Un verseur universel fait au Québec

« C’est M. Watté qui m’a demandé, en 1988, de travailler avec lui pour l’entreprise Schaefer », relate non sans émotion Daniel Gingras.

« Moi, j’étais un vidangeur au sein de notre petite entreprise familiale de collecte des déchets, à Saint-Ubalde, dans le comté de Portneuf. Quelle présence avait cet homme ! Quelle culture ! Il était, selon moi, le meilleur vendeur au monde. Quand tu l’écoutais parler, tu pensais qu’il “pétait de la broue”, mais c’était tout vrai, ce qu’il avançait ! », ajoute M. Gingras, visiblement admiratif de cet homme qui, selon lui, a eu une grande influence sur sa vie et celle de sa famille.

« Il a changé notre destin, évoque Daniel Gingras. Mon père Apollinaire, mon frère Mario, mon oncle Serge et moi-même avons créé l’entreprise Les Bras de fer Gingras.
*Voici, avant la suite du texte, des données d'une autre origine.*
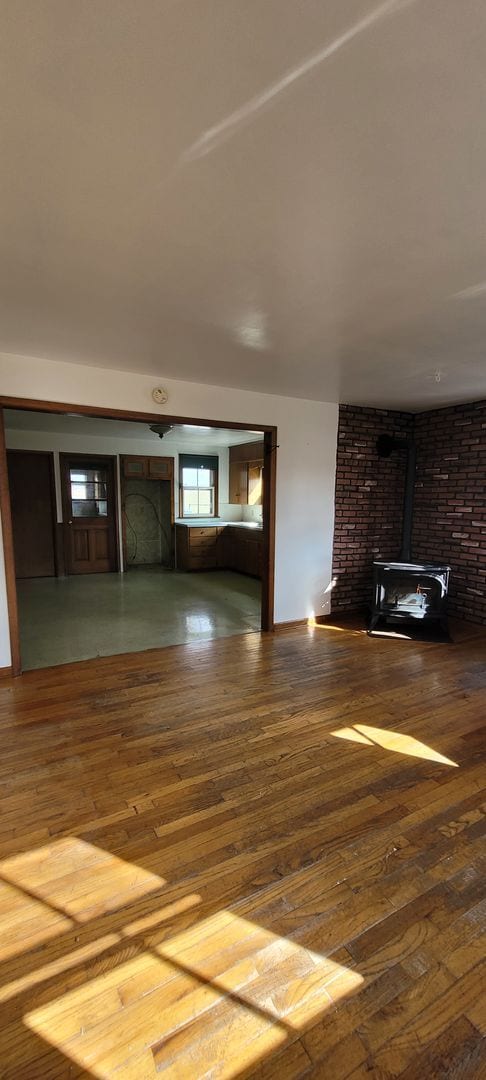 Photo - 331 Newport Rd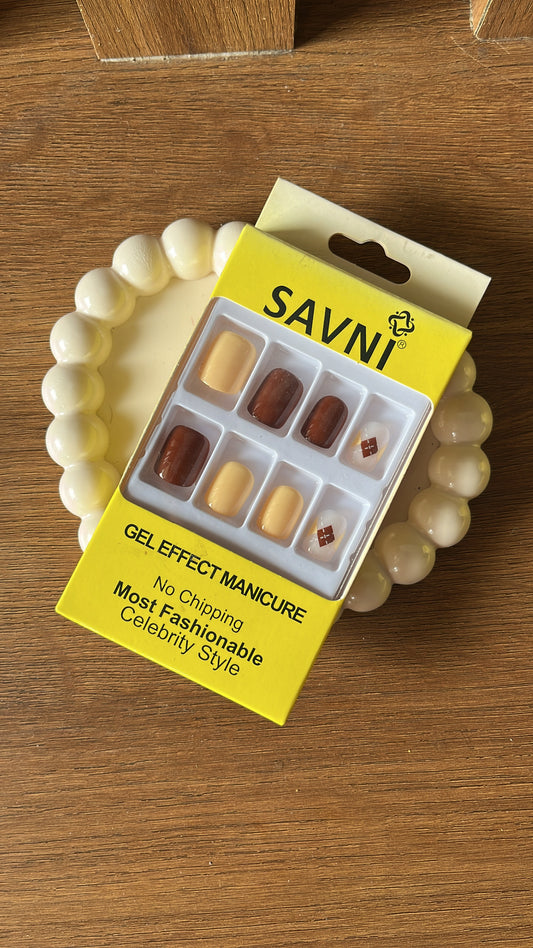 Maroon: 12 nails in a box - Premium Nails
À l’époque, le principal obstacle à l’introduction du bac roulant, c’était sa levée. Aujourd’hui, 99,9 % des camions de collecte sont équipés d’un verseur de type universel des Bras de fer Gingras. Les Allemands possédaient un verseur extraordinaire, mais il coûtait 35 000 $ ! Mon oncle, qui savait à peine lire, mais qui était un inventeur né, a dit : “On va faire un verseur, puisqu’il n’en existe pas ici.” Pour 3 500 $, le nôtre s’adaptait à nos intempéries et à toutes sortes de camions, à chargement arrière comme à chargement latéral. »

Pour Léo Fradette, le bac roulant a structuré l’organisation de la collecte : « L’un de ses apports importants est l’uniformisation des contenants utilisés pour la récupération des matières résiduelles. » Par ailleurs, l’Institut de recherche Robert-Sauvé en santé et en sécurité du travail (IRSST) soulignait, en 1995, que la collecte mécanisée limitait, pour ne pas dire éliminait, les contacts des éboueurs avec « les pochettes surprises que sont les sacs et boîtes de carton. De plus, n’ayant plus besoin de soulever quoi que ce soit à bout de bras, l’éboueur évite maux de dos, entorse, etc. »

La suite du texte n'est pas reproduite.